* To do: Transcribe exactly, and only, the lines from the one with "Cute Black Cat" through the end of the records below, including both of those lines. Skip all pictures.

* Records supplied:

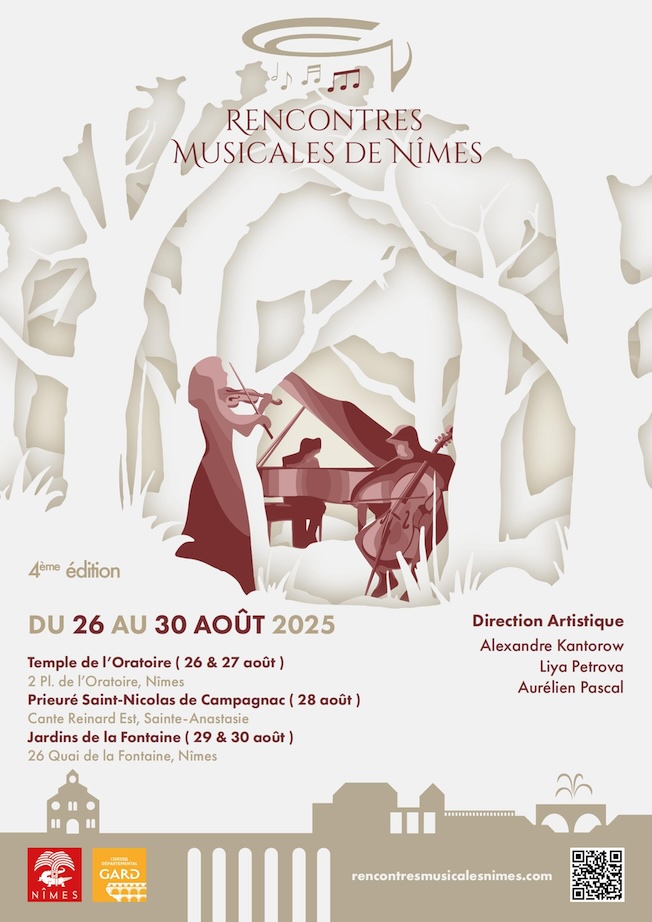 Rencontres Musicales de Nîmes. 4ème édition du 26 au 30 août 2025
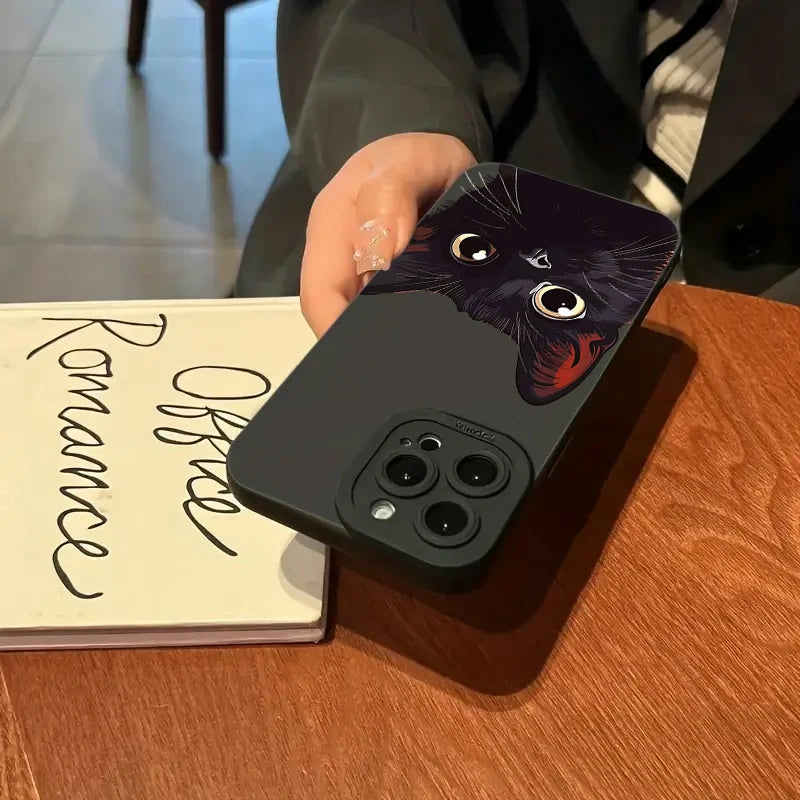 Cute Black Cat Silicone Case for iPhone 17 16 15 14 13 12 Pro Max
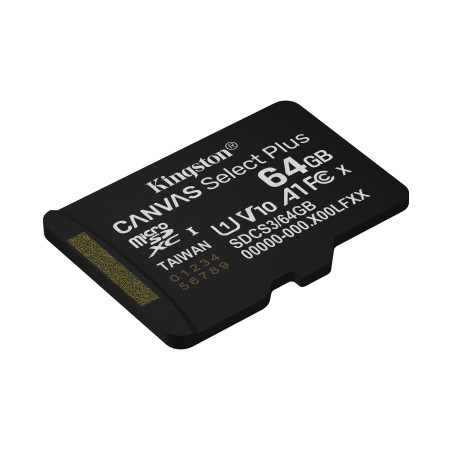 Kingston Technology SDCS3/64GBSP 64GB micSDXC Canvas Select Plus Gen3 100R A1 (Adaptador de SD no incluido), 64 GB, MicroSDXC,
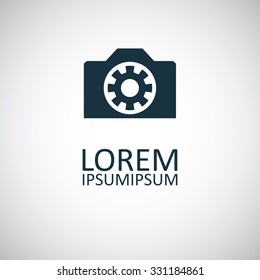photo camera icon, on white background
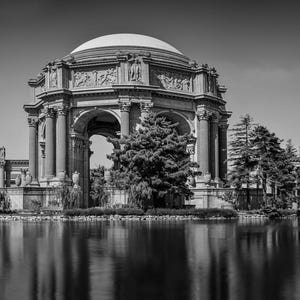 Palace of Fine Arts Print, Black and White San Francisco Panorama, Rotunda Wall Art, Hand-Signed Fine Art Print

* Response to the exercise:
 Cute Black Cat Silicone Case for iPhone 17 16 15 14 13 12 Pro Max
 Kingston Technology SDCS3/64GBSP 64GB micSDXC Canvas Select Plus Gen3 100R A1 (Adaptador de SD no incluido), 64 GB, MicroSDXC,
photo camera icon, on white background
 Palace of Fine Arts Print, Black and White San Francisco Panorama, Rotunda Wall Art, Hand-Signed Fine Art Print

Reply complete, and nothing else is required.